Unanimous turn of voter ID law

The proposed Texas Senate Bill 14, which would have required government-issued photo ID be presented at the election polls, was struck down Aug. 30 by the U.S. Court of Appeals for D.C. in a unanimous 3-0 decision.

Judges David Tatel and Robert Wilkins, both former President Bill Clinton appointees, and Rosemary Collyer, appointed by former President George W. Bush, agreed that the law qualified as intentional discrimination against Hispanics and African Americans.

“Unpersuasive, invalid or both,” read Tatel’s description of the defense and justification of the Texas voter ID law.

According to the Voting Rights Act of 1965, Texas is prohibited from passing a voting law that in any way hinders the ability of minorities to vote.
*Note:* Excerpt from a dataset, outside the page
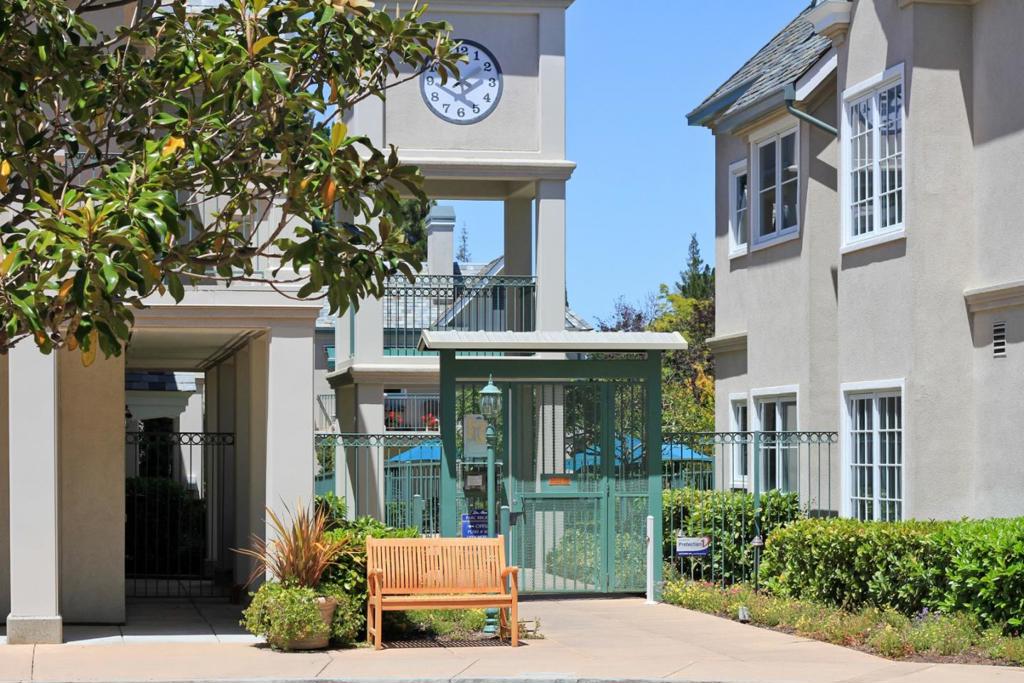 1 W Edith Avenue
The court says this law does just that.

“We find that Texas has failed to make this showing — in fact, record evidence demonstrates that if implemented, SB14 will likely have a retrogressive effect,” the court opinion said.

Texas was one of several states that passed new and stringent voter ID laws in the wake of the 2008 and 2010 election cycles. Those states that currently require government-issued photo IDs are Pennsylvania, Indiana, Georgia, Tennessee and Kansas, according to the National Conference of State Legislature’s website.

The bill was introduced January 2011, and the controversy was immediate, as the proposed law would disallow previously adequate forms of ID, like student IDs. After numerous amendments, including one allowing gun permits to be suitable forms of identification, it was sent to Gov. Rick Perry on June 18 and signed into law on June 27.

The basis of SB14, as voiced by proponents of the law, was to combat voter fraud.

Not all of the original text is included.